Brasília - Os servidores públicos federais não receberão reajustes além do determinado no orçamento em 2012, disse ontem o secretário do Tesouro Nacional, Arno Augustin. Ele advertiu que o governo federal não pretende ceder a pressões para novas recomposições salariais.
De acordo com o secretário, os recursos para os realinhamentos de carreiras reservados no orçamento são apenas ''residuais'' e terão impacto mínimo sobre os gastos públicos em 2012. Para Augustin, os gastos com o funcionalismo continuarão a desacelerar este ano como ocorre desde 2010.
Em 2011, as despesas de pessoal cresceram 7,7% e totalizaram R$ 179,277 bilhões, contra expansão de 9,8%, em 2010, e de 15,9%, em 2009. Para Augustin, os números mostram que as despesas de pessoal desaceleraram depois de subirem em 2008 e 2009 por causa de uma série de reajustes concedidos e reestruturações de carreiras. ''Naquela época, prevíamos que os gastos com o funcionalismo pesariam naquele momento, mas desacelerariam no futuro.
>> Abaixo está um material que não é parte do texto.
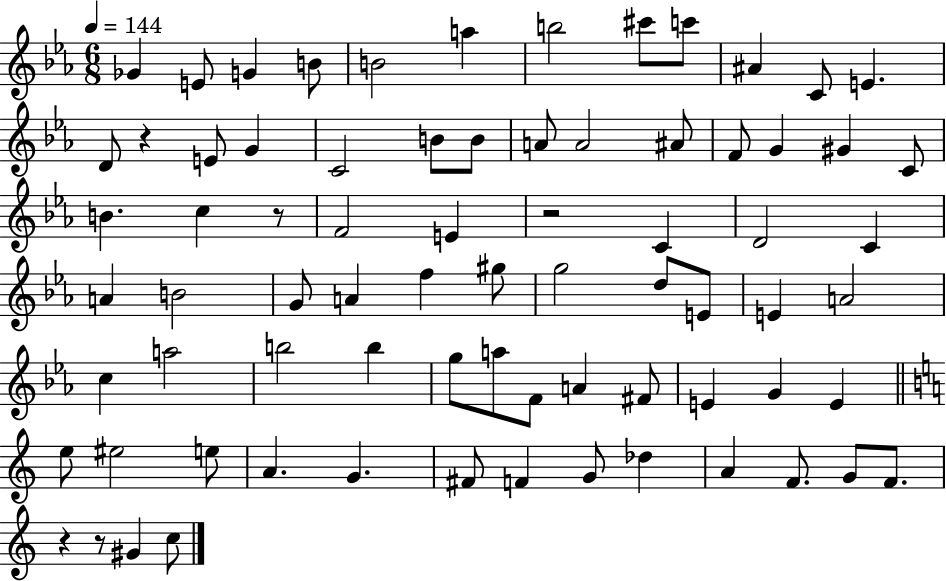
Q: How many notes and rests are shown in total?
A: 75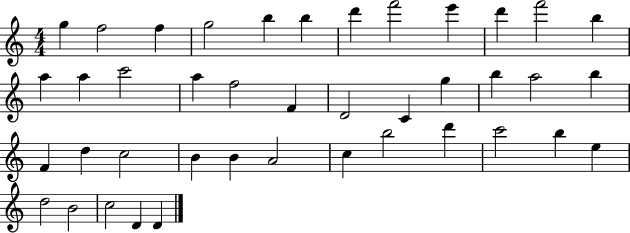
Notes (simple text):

G5/q F5/h F5/q G5/h B5/q B5/q D6/q F6/h E6/q D6/q F6/h B5/q A5/q A5/q C6/h A5/q F5/h F4/q D4/h C4/q G5/q B5/q A5/h B5/q F4/q D5/q C5/h B4/q B4/q A4/h C5/q B5/h D6/q C6/h B5/q E5/q D5/h B4/h C5/h D4/q D4/q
No fim, isso foi o que ocorreu'', disse.
Em relação a pressões para novos aumentos, como o dos servidores do Poder Judiciário, o secretário disse que o próprio Congresso Nacional compreendeu a importância de manter o equilíbrio das contas públicas. ''Os parlamentares entenderam que não é importante abrir um novo ciclo de reestruturação, e o orçamento voltou como o governo tinha mandado', avaliou.